We employed the Central Composite Design (CCD), a widely used approach in response surface methodology featuring a two-level full factorial design supplemented with central and axial points. Axial points are positioned at the midpoints of factor levels relative to other factors, while central points are added at the center of the design space. The CCD utilized in this study encompasses 10 continuous factors and identifies 11 significant interactions. A robust prediction model is characterized by its ability to maintain consistent and stable variance across the entire range of independent predictor variables. The contour and surface plots generated by the CCD illustrate a robust prediction model that exhibits uniform and stable variance throughout the range of independent variables.

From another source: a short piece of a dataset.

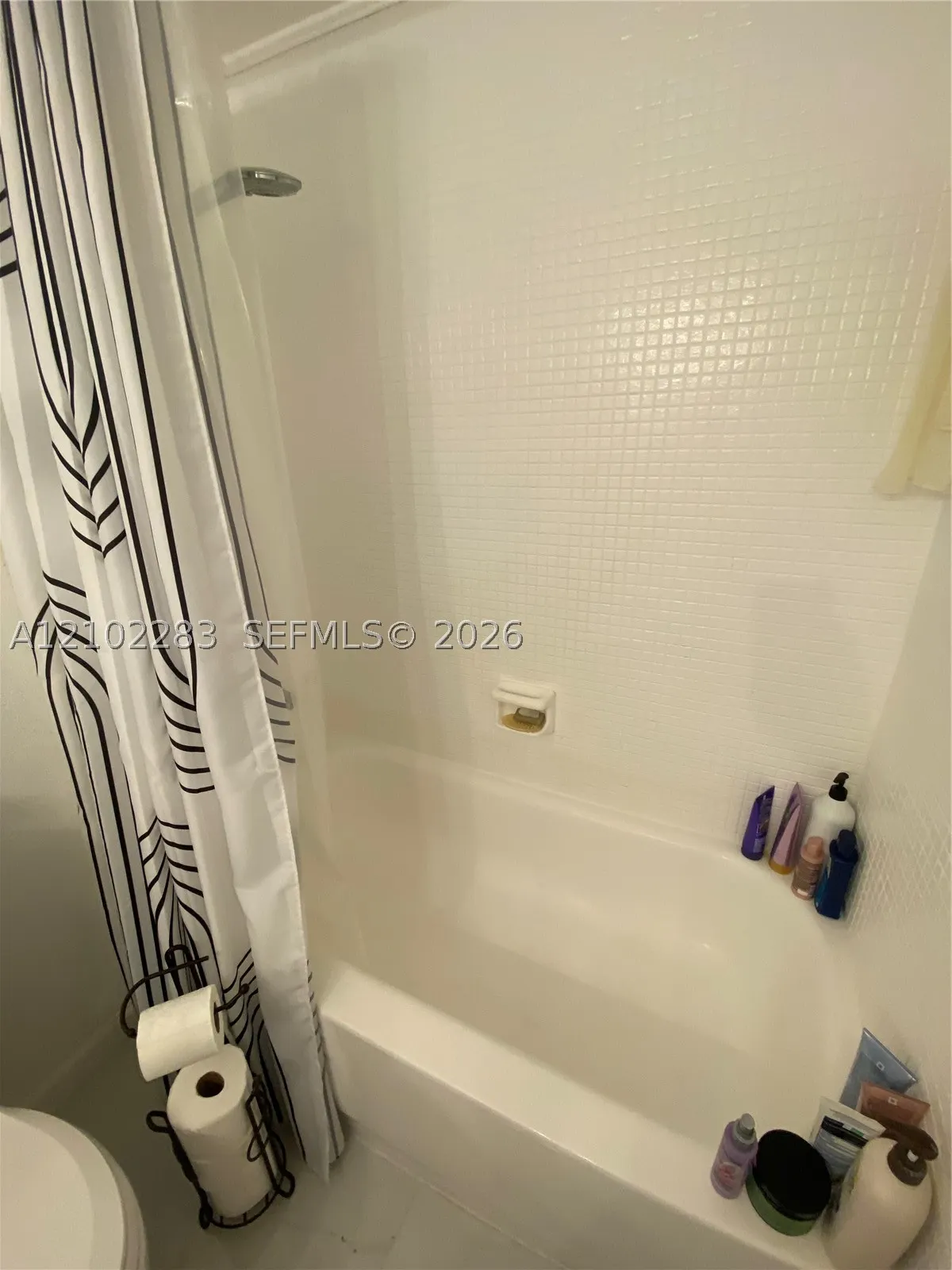 1000 West Avenue #531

3.1. Statistical Analysis for Stock Price Optimization

The optimization problem for our study involves a single response, which is called the objective function, and our goal is to maximize the average Weekly Closing Price (WCP) of the MSFT Stock which we abbreviated as “y” for convenience. We utilized the desirability function defined by Equation (4) to maximize the objective function-WCP, that is, “y” of the stock. The optimization process we adopted involves the following steps:

• Build the regression model that significantly predicts the continuous response/target variable(s) with high degree of accuracy.

• Define the constraints or limits of the response(s) and that of the input/risk factors.

• Identify the desirability function appropriate to optimize the response based on the response optimization objective.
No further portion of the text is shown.